For what it's worth, I used Redbox a few times in my life, but quickly lost interest when it stopped renting video games five years ago. One could hardly blame them... the Redbox booths were a frequent target for scammers, who would keep the discs and feed a printed code into the kiosk to make it think the games had been returned safely.
Eventually, Redbox got wise to the heisting hijinx and sold their remaining stock of games for fire sale prices... I still have a few Playstation 4 games in those familiar clear plastic cases. Except now, they're going to look like relics of a bygone era, like my copy of Battle Arena Toshinden in the Blockbuster box.
By the way! I'm hard at work on another ColecoVision game, Eyebrawls. It's an adaptation of the little seen Rockola arcade game, Eyes. Here's a peek at what's in store in the next couple of months.
I'm not working as hard as Inufuto, though. When this Japanese programmer makes a video game, he ports it to every 20th century game console you know exists, as well as a few systems and home computers you never knew existed. One of his creations, Cracky, is available for at least two dozen machines, including such oddities as the PASOPIA7, the Panasonic JR-200, and the SuperVision, a low-rent Game Boy competitor that always prompted groans whenever it appeared in an episode of The Price is Right. (The crappy late night version hosted by Tom Kennedy, natch.) One AtariAge user described the system as the "video game handheld of the less fortunate," and few gamers were as profoundly unfortunate as SuperVision owners.

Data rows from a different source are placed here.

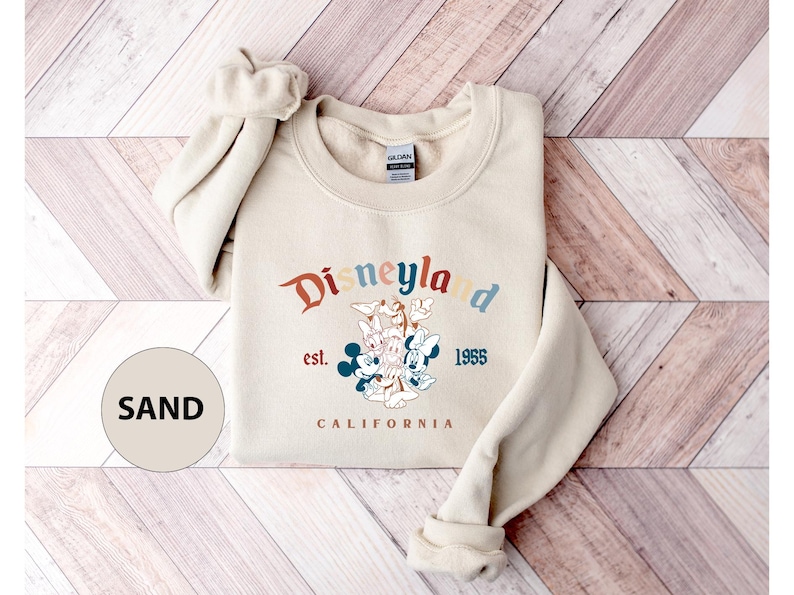Puede incluir: Sudadera de Disneylandia color arena con cuello redondo. La parte delantera presenta el logotipo de Disneylandia en colores retro, el texto "est. 1955 CALIFORNIA" y un gr&aacute;fico de Mickey y Minnie Mouse, Donald Duck y Goofy.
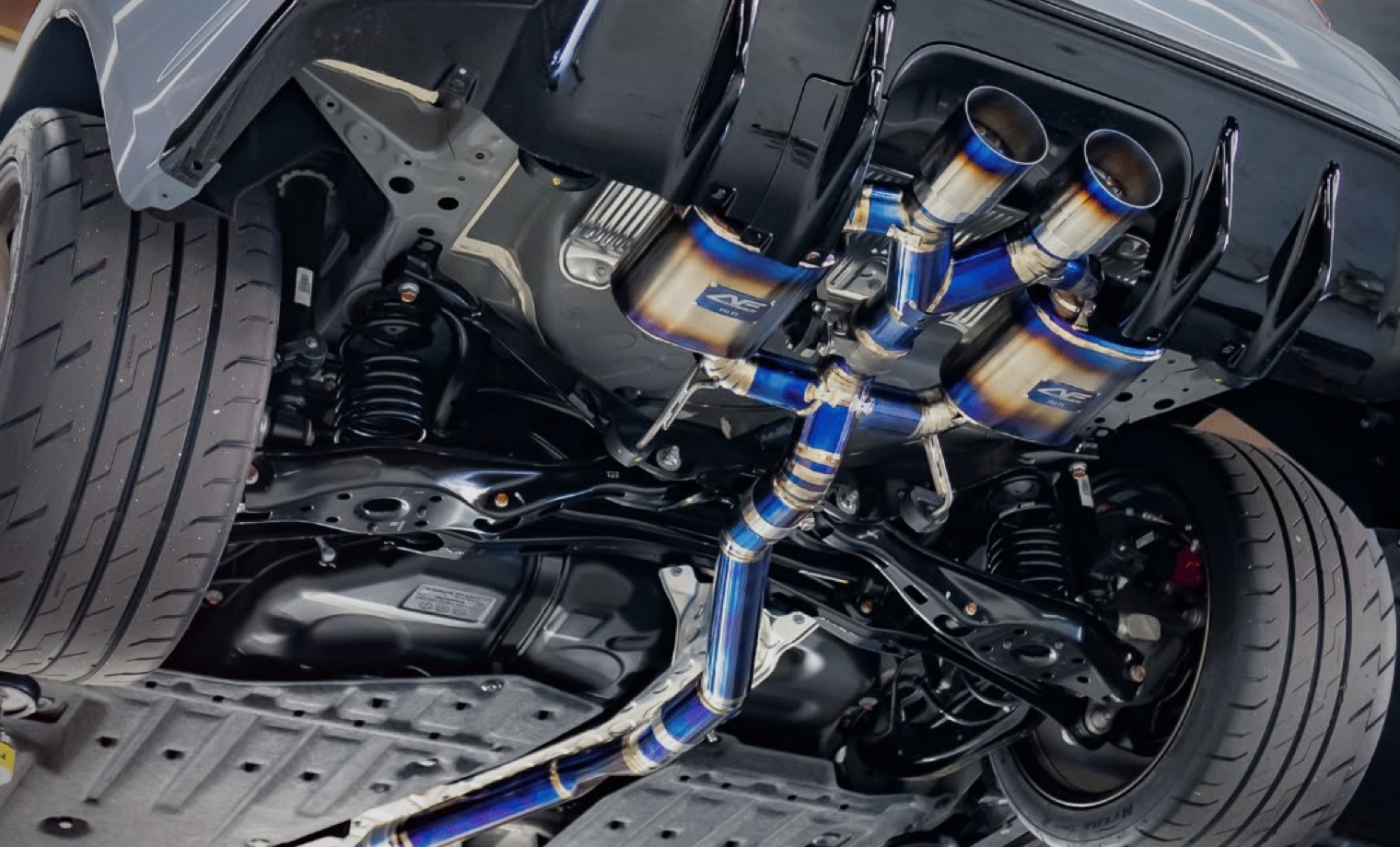 Performance exhaust system installed beneath a vehicle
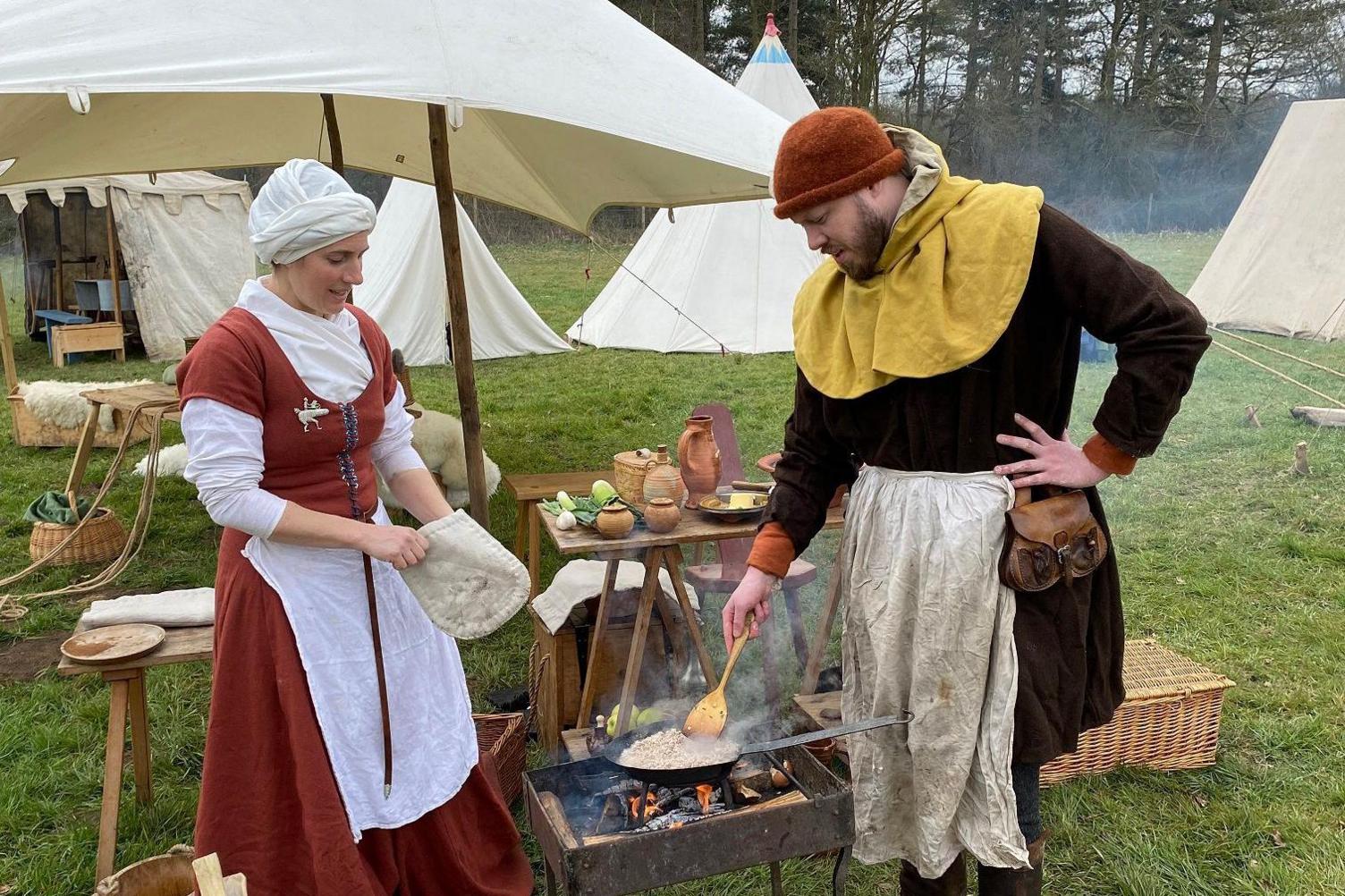 Medieval cooking demonstrations in an encampment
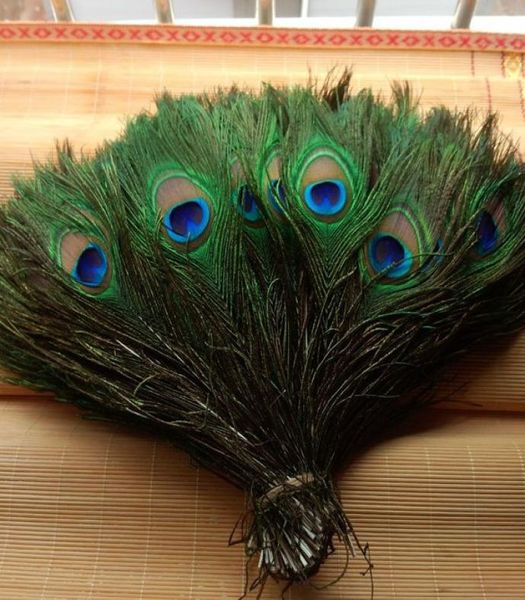 Materiais decorativos elegantes penas de pavão natural reais lindas penas de cerca de 25 a 30 cm HJ1702282540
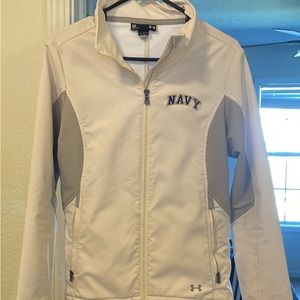 Women’s under armour fitted jacket with navy logo on front.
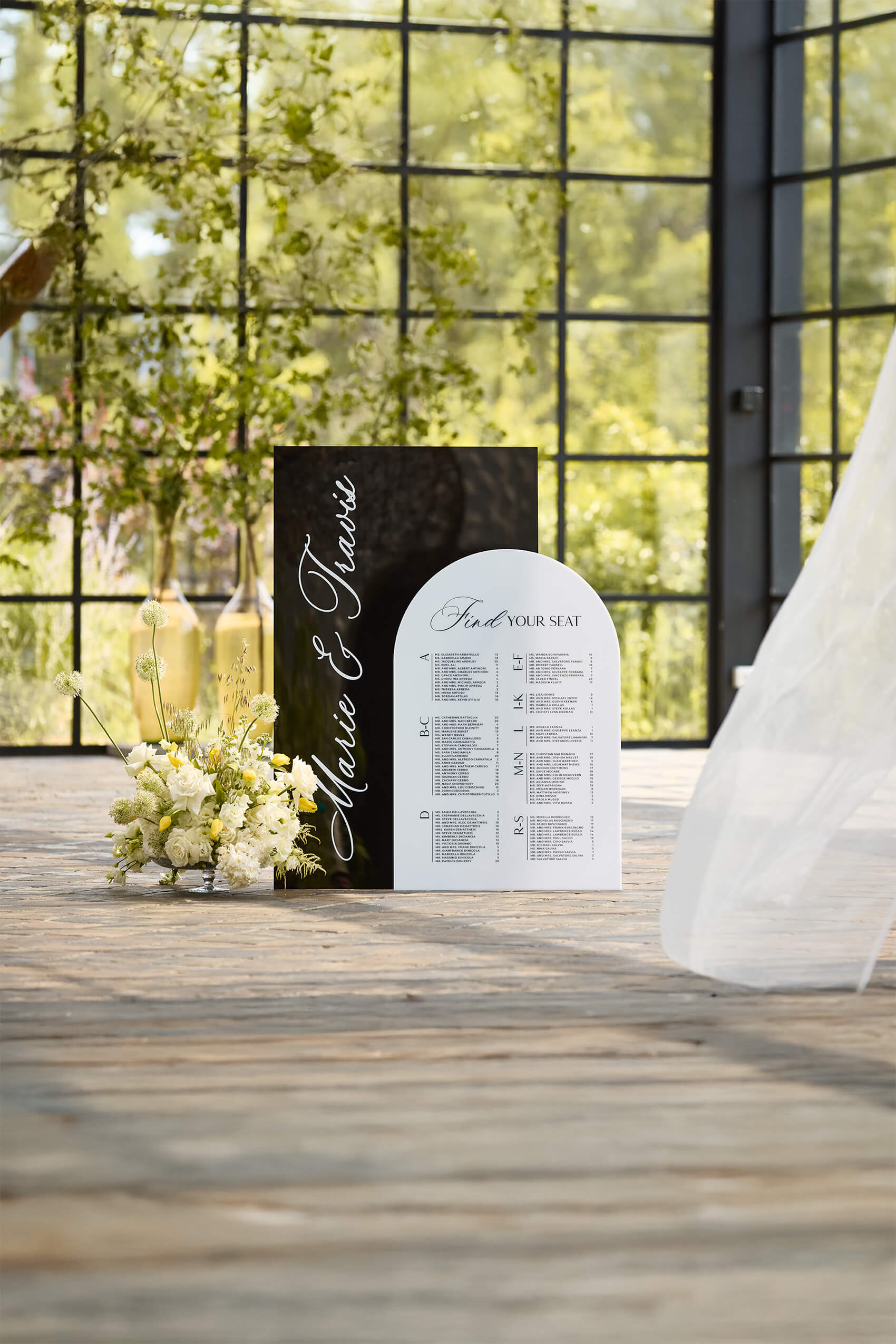 Modern black and white acrylic wedding seating chart featuring 3D raised names and organized guest list columns.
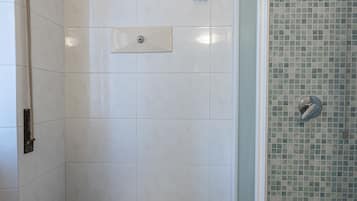 Une salle de bain comprenant des toilettes, une douche avec un mur carrelé et un porte-rouleau de papier toilette.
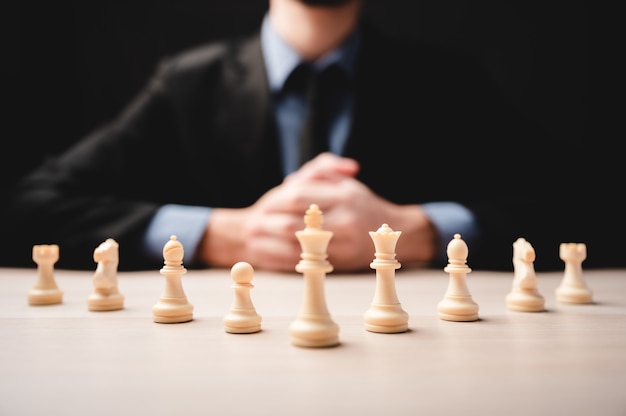 Estrategia de ajedrez para liderazgo empresarial y equipo en concepto de éxito, competencia de líder de rey del juego con desafío de poder de trabajo en equipo, pieza de peón jugando a bordo, inteligencia de victoria del tablero de ajedrez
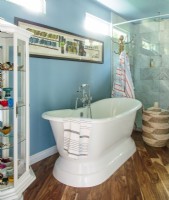 The remodeled bathroom's focal point is a freestanding bathtub adjacent to the glassed-in shower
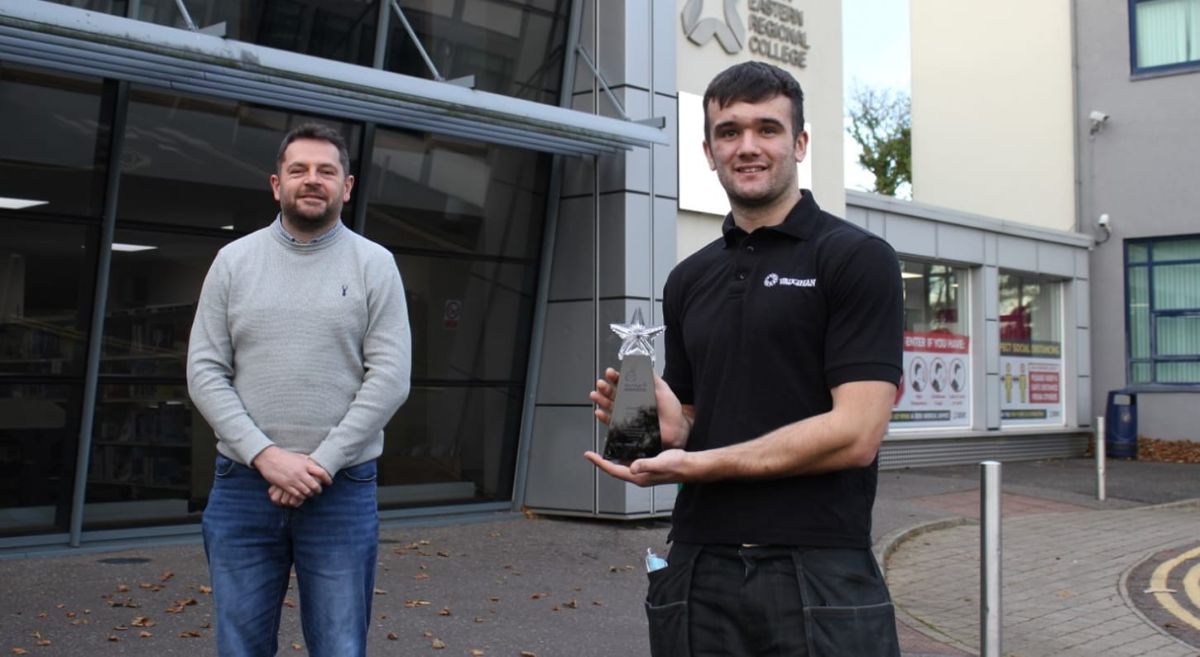 Electrical Installation lecturer John Cully  with Troy McConville holding his Award outside Newtownards Campus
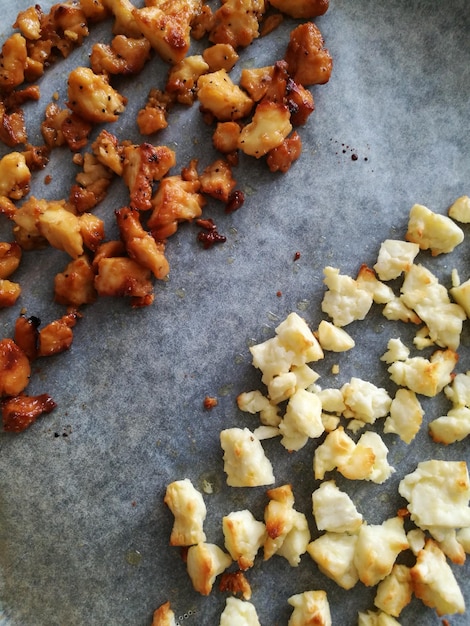 High angle view of roasted cheese on tissue paper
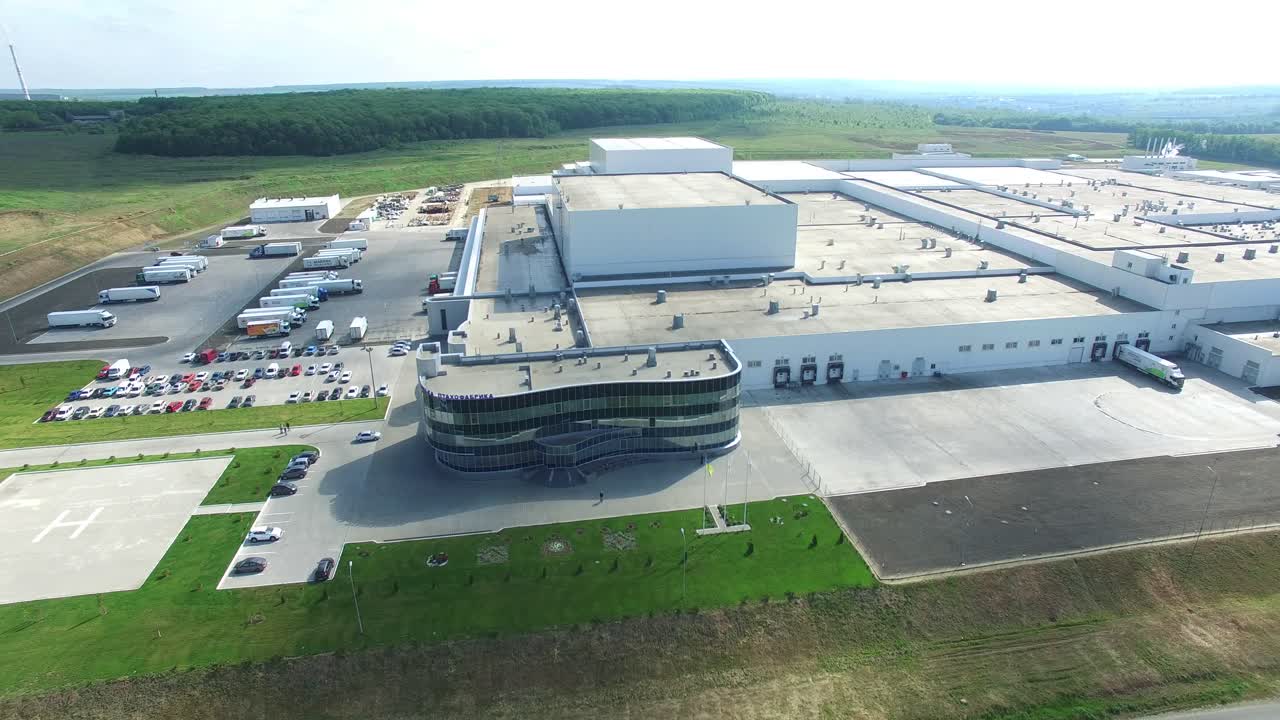 Aerial view of warehouse with trucks. Industrial background. Logistics from above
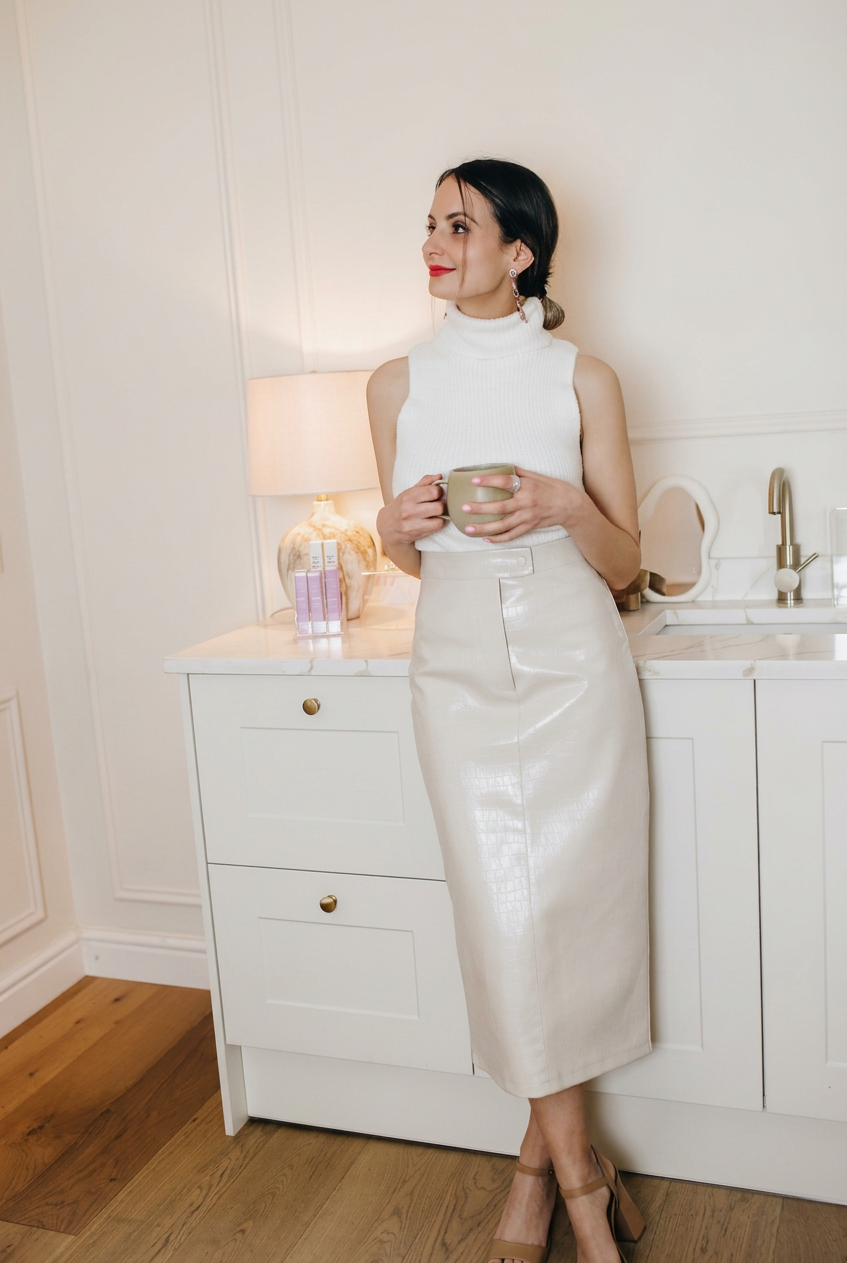 Woman in a white sleeveless turtleneck top and a shiny beige midi skirt standing in a kitchen, holding a beige mug, with a lamp and decorative items on the counter behind her.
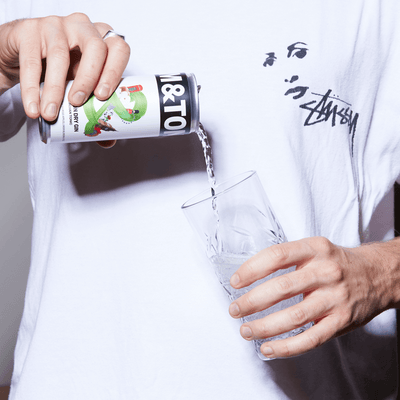 Man in a white tee pouring a can of Jim and Tonic London Dry Gin into a clear glass.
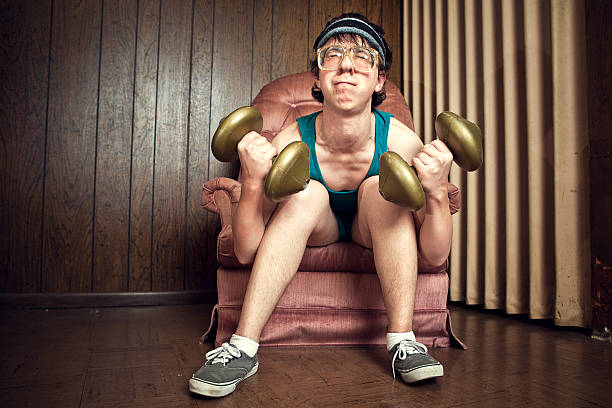 Nerd Young Man Exercising with Weights A goofy, nerdy teenager with tank top, corduroy shorts, sweatband, and glasses, strains to lift his dumbbell weights in a vintage basement, complete with linoleum and wood paneling on  the walls.  He sits in a plush pink armchair. Horizontal with copy space. weakness photos stock pictures, royalty-free photos & images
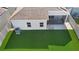Aerial view of the backyard, showcasing the artificial turf and screened-in patio of this well-maintained property at 3532 Yarian Dr, Haines City, FL 33844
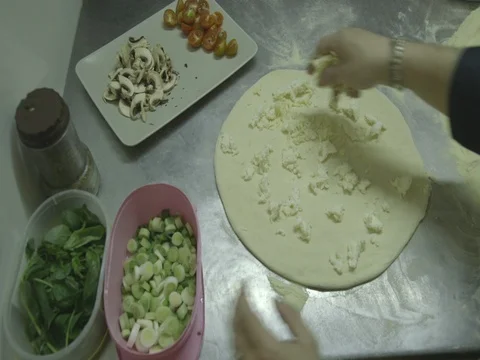 Mozzarella cheese on pizza dough 7 Stock Footage 80674391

What's nifty about Inufuto's work is that it highlights the differences between the various game systems. Cracky is the same on every format... and yet it's not, due to the limitations imposed by each console. For instance, the VIC-20 version is less smooth and a bit more flickery than the others, while the Atari 800 version has brighter colors but a chunkier resolution than its ColecoVision counterpart. It's a fascinating science experiment... albeit an extremely nerdy one.